→ Description of the task
Restate exactly the lines that run from the start of the records below to the line containing "Skoda Octavia 1.6 Ambiente EU5 - 6", counting both ends, and nothing else; pictures stay out.

[Crawled caption data]
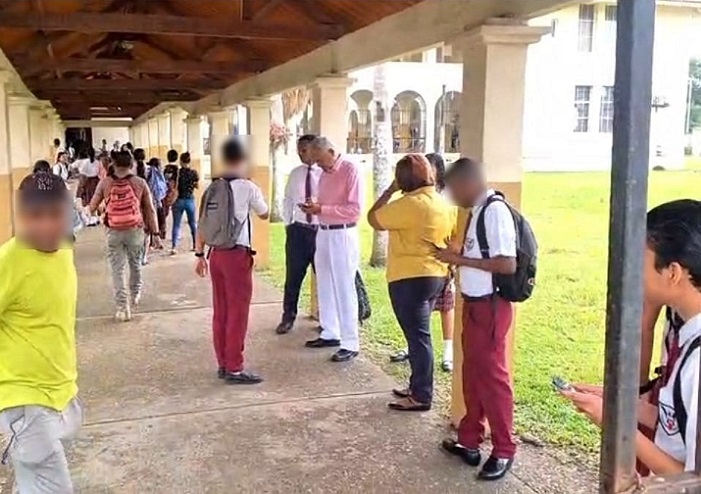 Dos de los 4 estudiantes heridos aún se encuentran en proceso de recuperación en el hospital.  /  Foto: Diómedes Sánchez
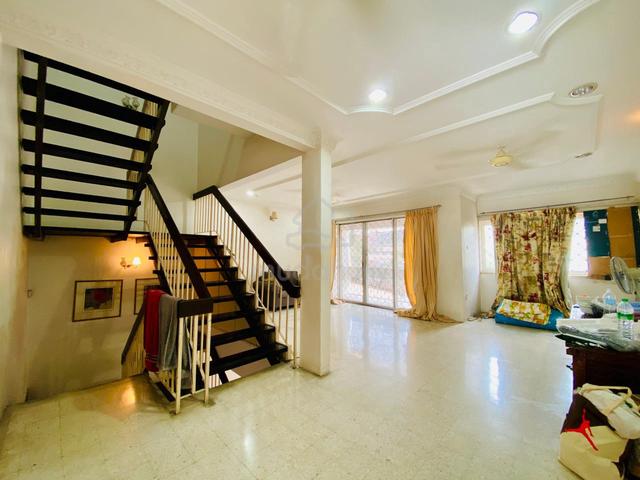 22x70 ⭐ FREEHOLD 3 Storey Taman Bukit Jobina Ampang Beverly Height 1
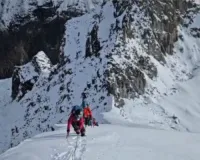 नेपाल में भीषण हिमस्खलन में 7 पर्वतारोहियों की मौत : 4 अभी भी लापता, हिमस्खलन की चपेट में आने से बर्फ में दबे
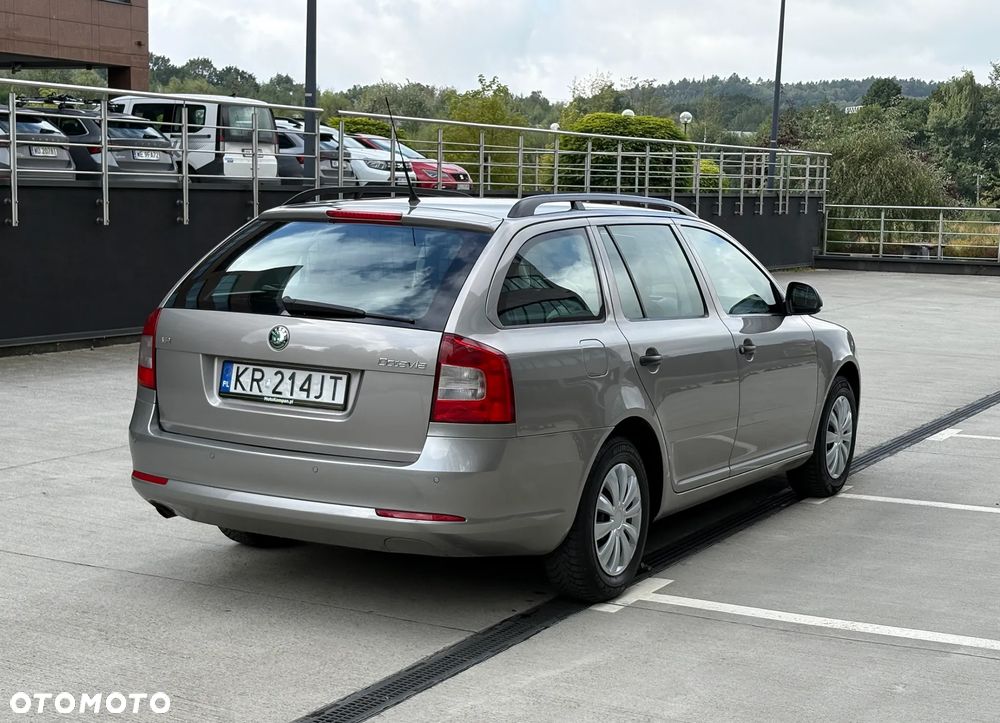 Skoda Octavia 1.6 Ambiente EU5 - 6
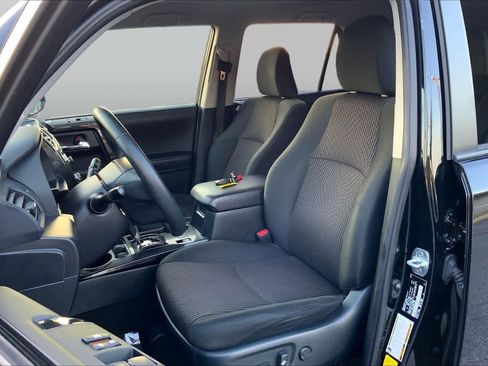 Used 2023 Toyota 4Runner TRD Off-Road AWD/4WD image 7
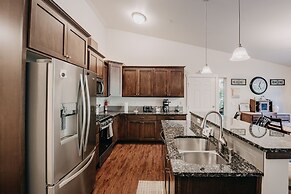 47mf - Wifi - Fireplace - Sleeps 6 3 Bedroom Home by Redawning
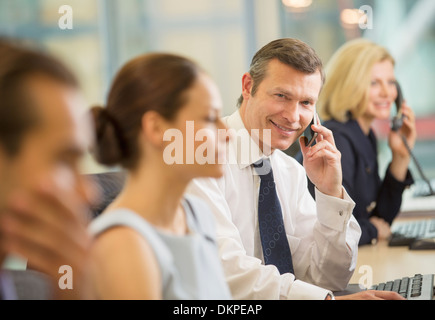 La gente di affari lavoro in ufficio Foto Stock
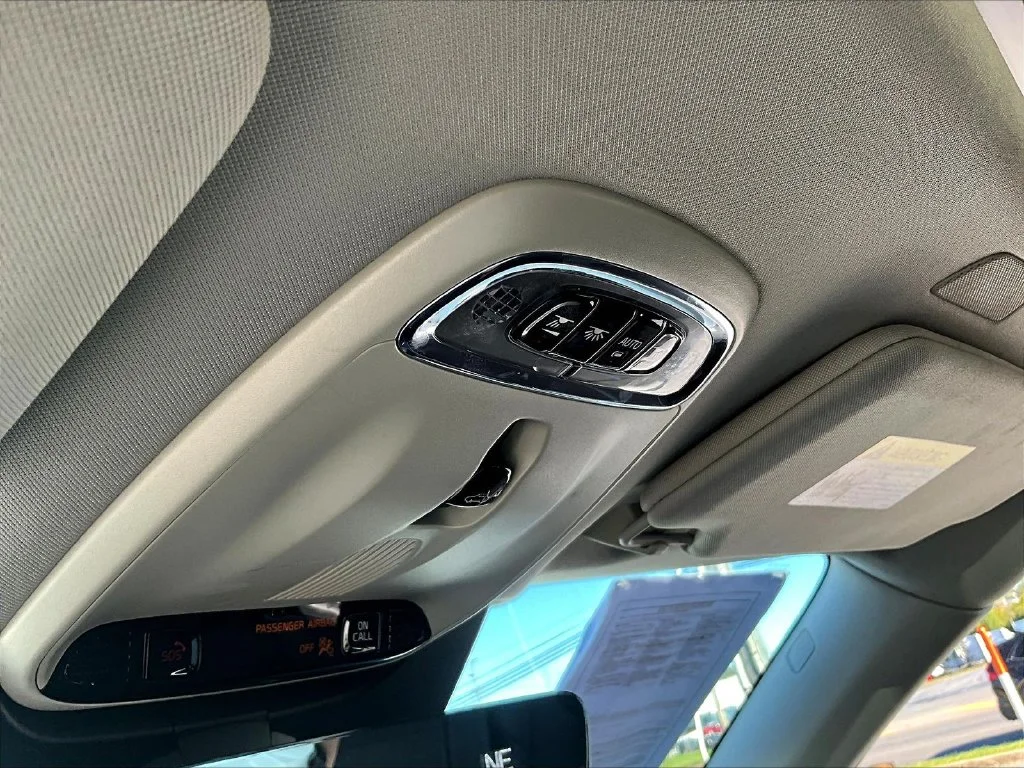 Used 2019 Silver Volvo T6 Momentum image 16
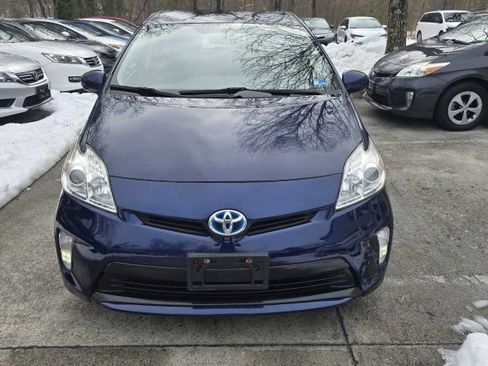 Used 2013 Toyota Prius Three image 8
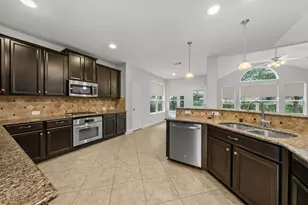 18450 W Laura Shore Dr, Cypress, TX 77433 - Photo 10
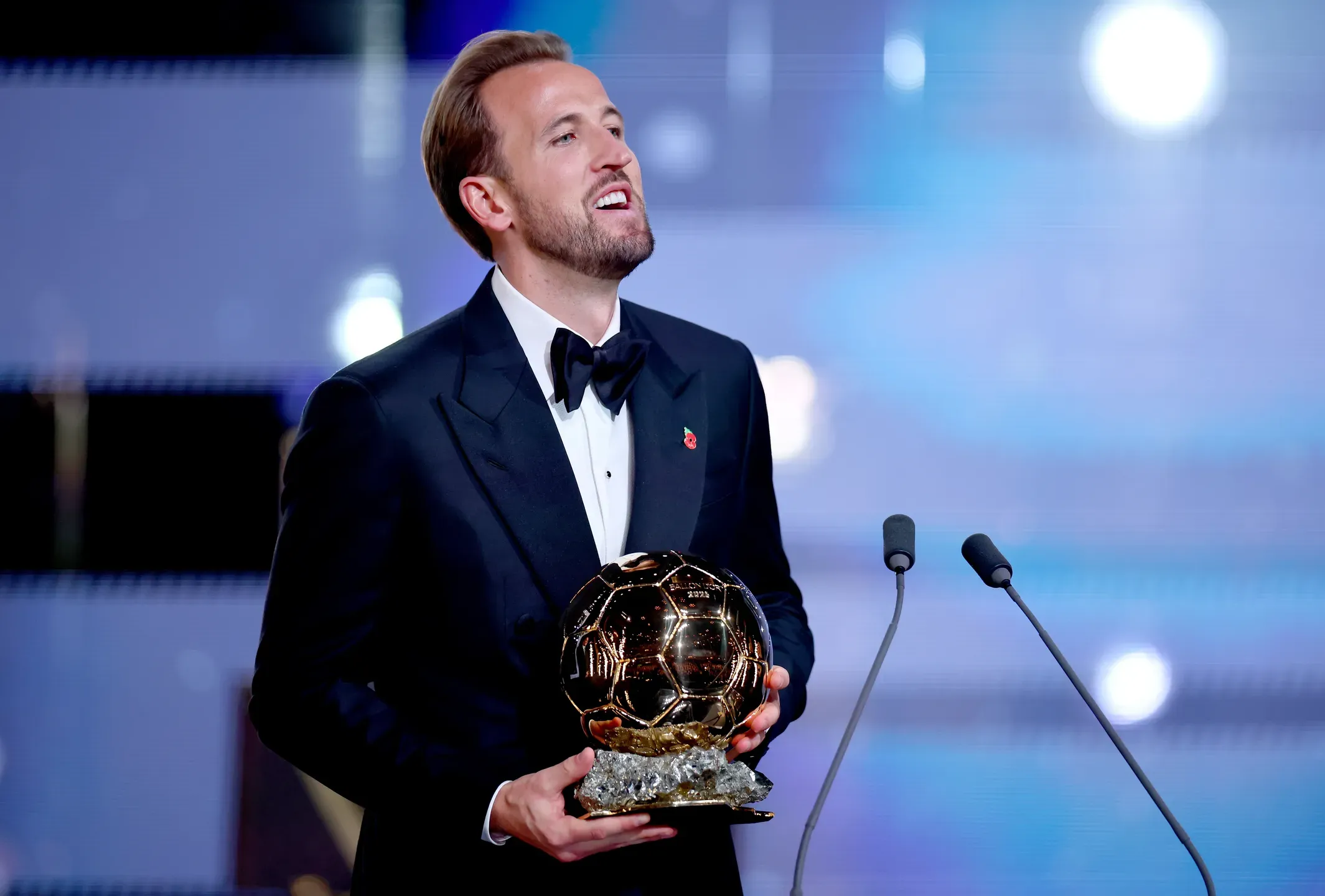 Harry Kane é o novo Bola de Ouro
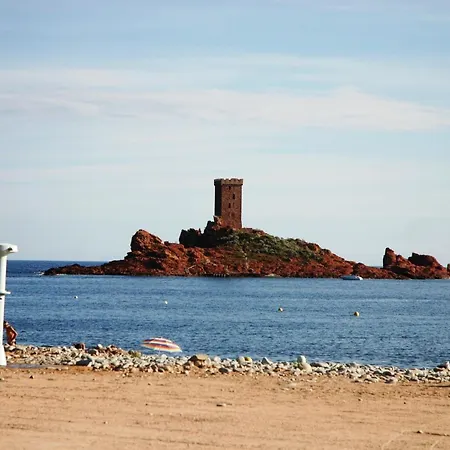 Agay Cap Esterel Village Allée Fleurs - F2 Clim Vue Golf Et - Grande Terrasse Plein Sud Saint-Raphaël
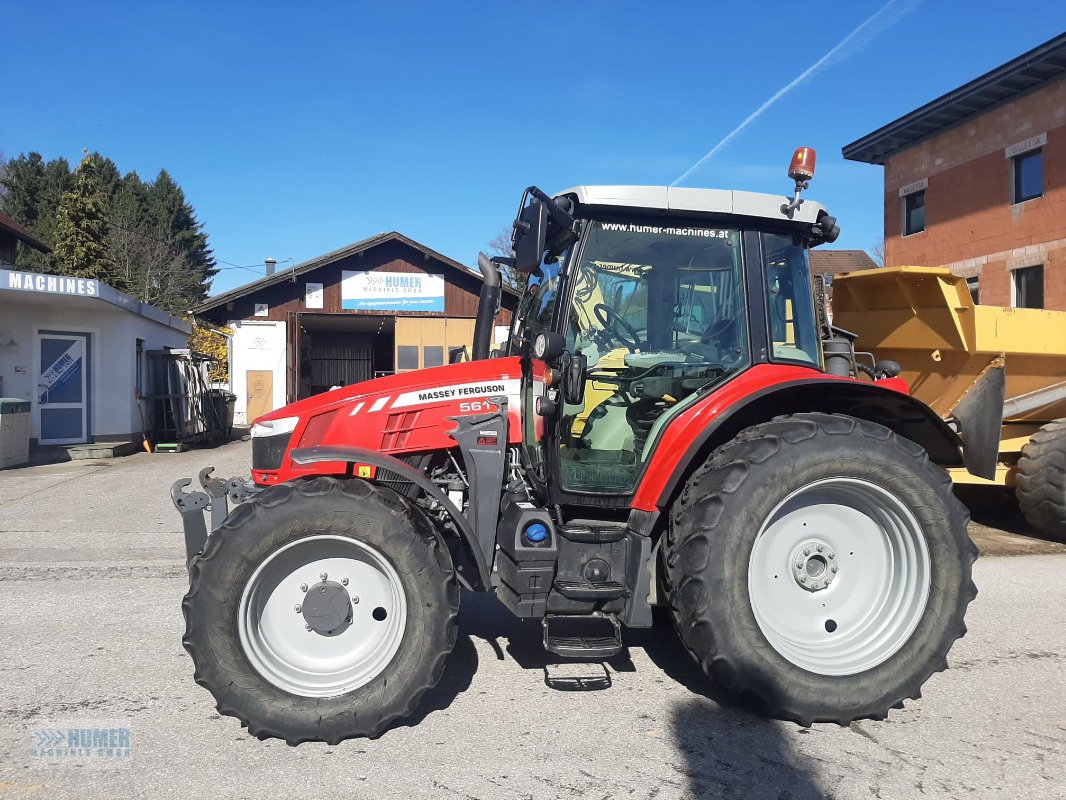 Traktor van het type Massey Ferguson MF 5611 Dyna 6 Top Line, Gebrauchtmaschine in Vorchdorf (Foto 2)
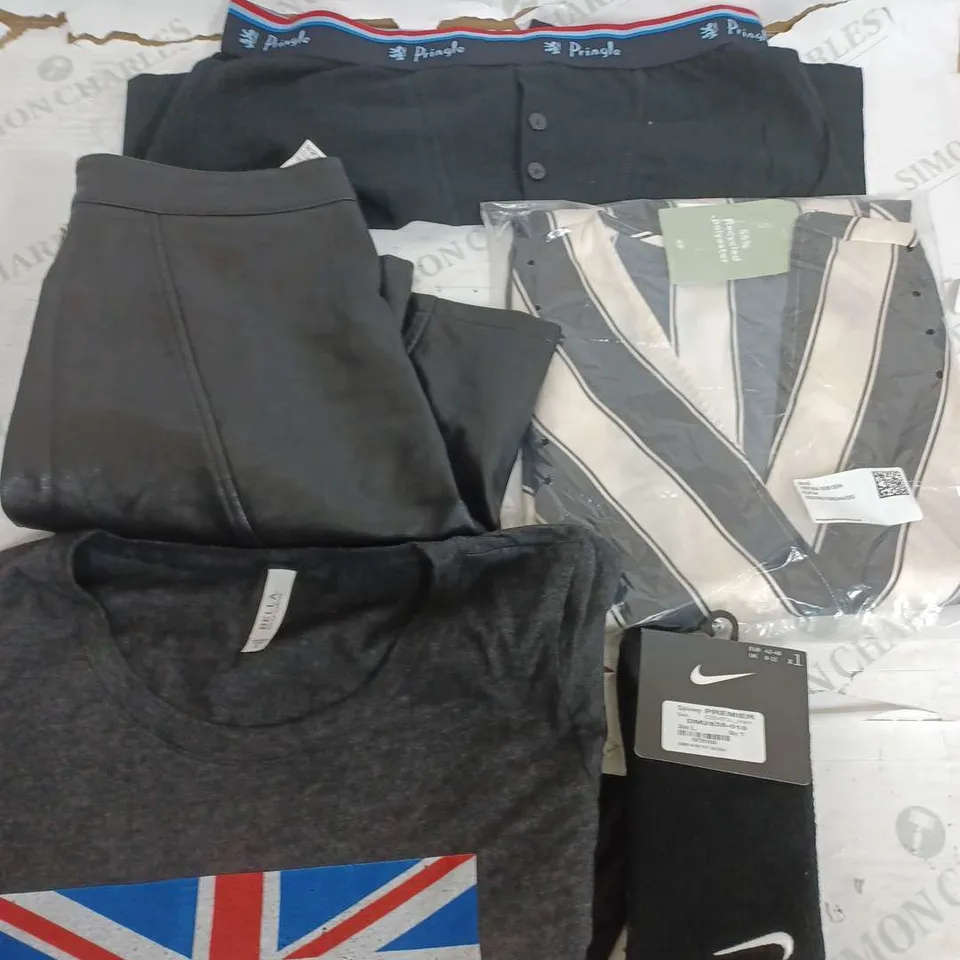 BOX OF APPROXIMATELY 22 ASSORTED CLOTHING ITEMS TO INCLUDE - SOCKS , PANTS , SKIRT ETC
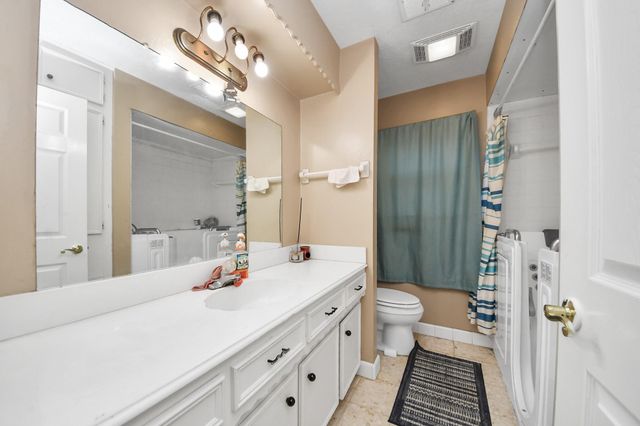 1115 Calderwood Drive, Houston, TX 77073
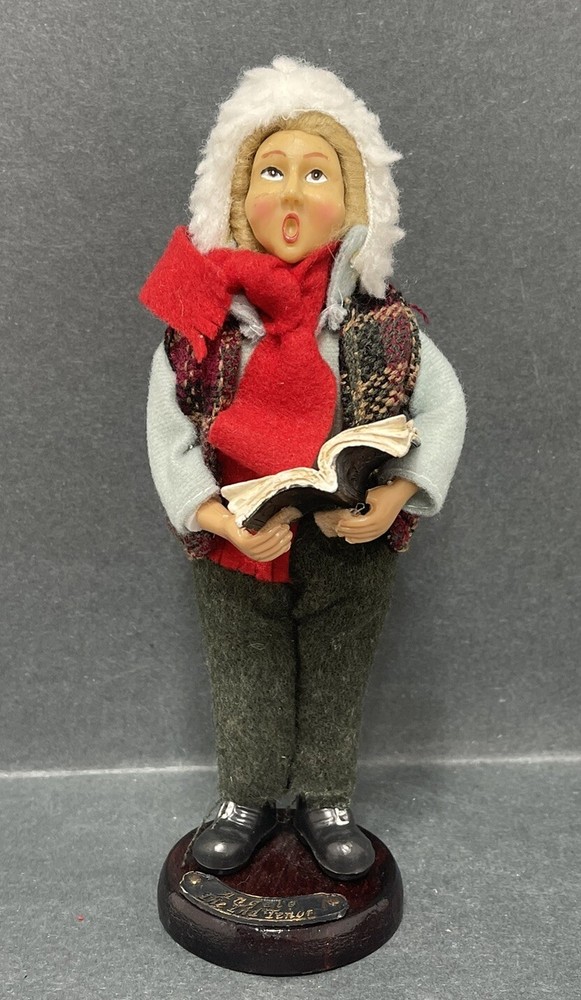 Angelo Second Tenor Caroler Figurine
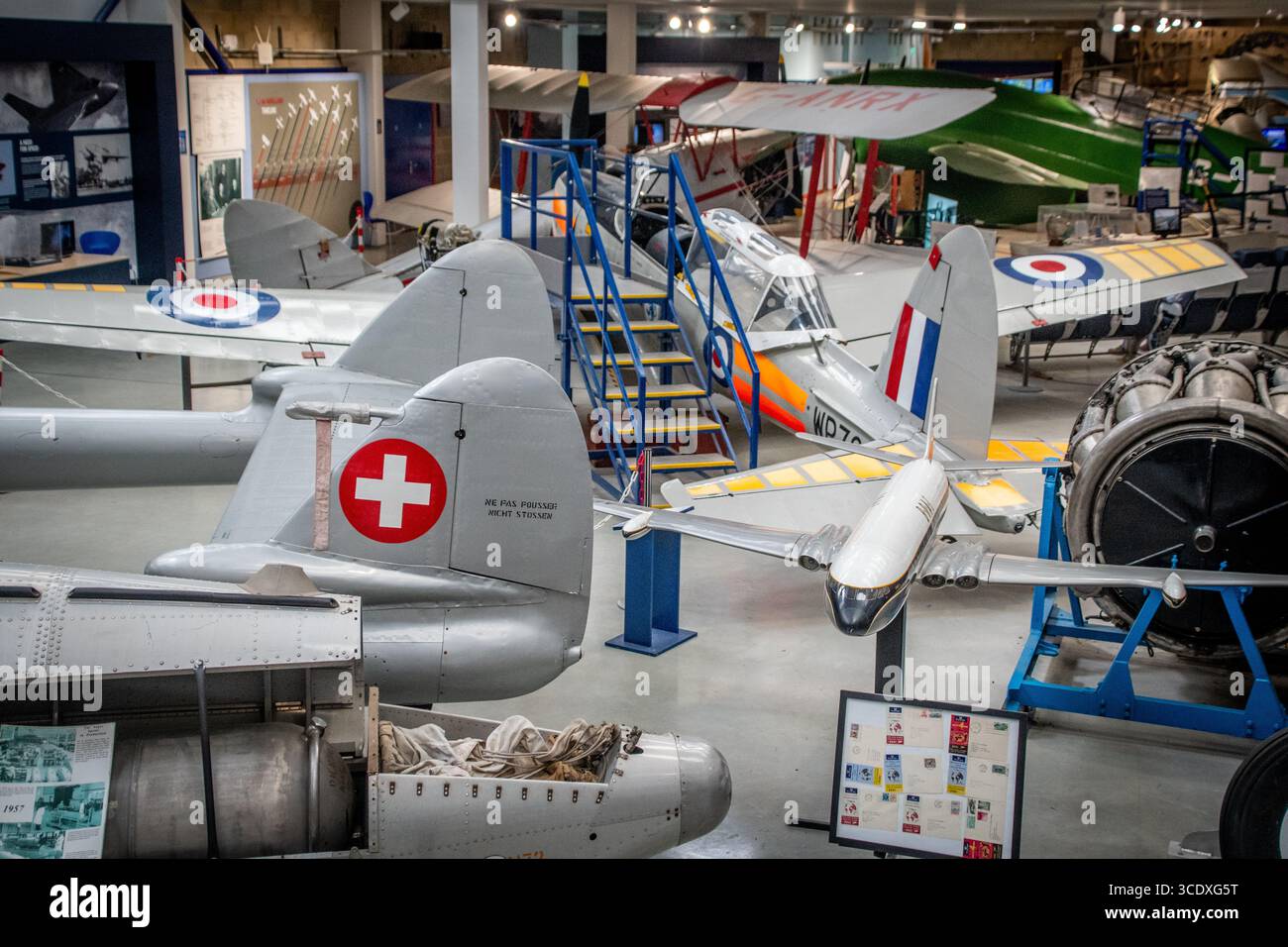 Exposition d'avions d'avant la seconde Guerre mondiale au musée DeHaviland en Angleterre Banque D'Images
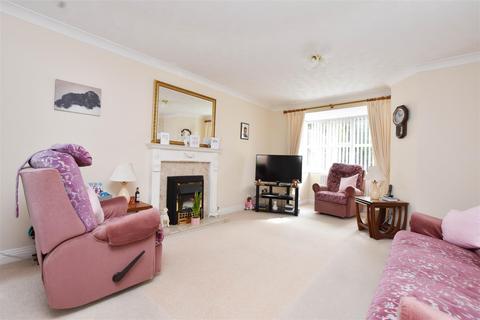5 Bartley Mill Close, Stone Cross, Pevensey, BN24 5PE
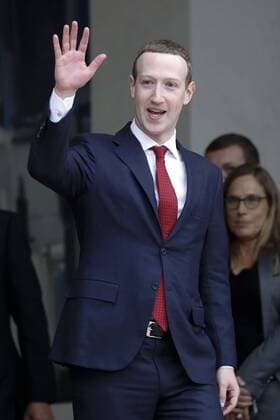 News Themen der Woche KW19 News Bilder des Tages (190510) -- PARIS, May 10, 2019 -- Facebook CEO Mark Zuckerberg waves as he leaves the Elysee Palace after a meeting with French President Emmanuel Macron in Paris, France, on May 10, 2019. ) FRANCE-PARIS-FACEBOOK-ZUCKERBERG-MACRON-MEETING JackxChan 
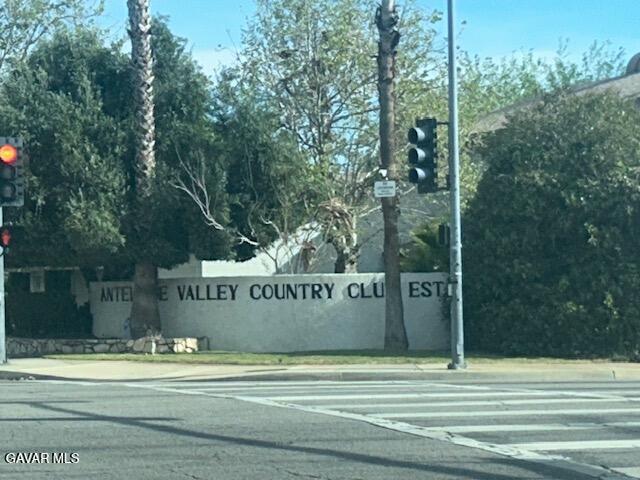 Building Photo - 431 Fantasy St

→ Solved exercise
 Dos de los 4 estudiantes heridos aún se encuentran en proceso de recuperación en el hospital.  /  Foto: Diómedes Sánchez
 22x70 ⭐ FREEHOLD 3 Storey Taman Bukit Jobina Ampang Beverly Height 1
 नेपाल में भीषण हिमस्खलन में 7 पर्वतारोहियों की मौत : 4 अभी भी लापता, हिमस्खलन की चपेट में आने से बर्फ में दबे
 Skoda Octavia 1.6 Ambiente EU5 - 6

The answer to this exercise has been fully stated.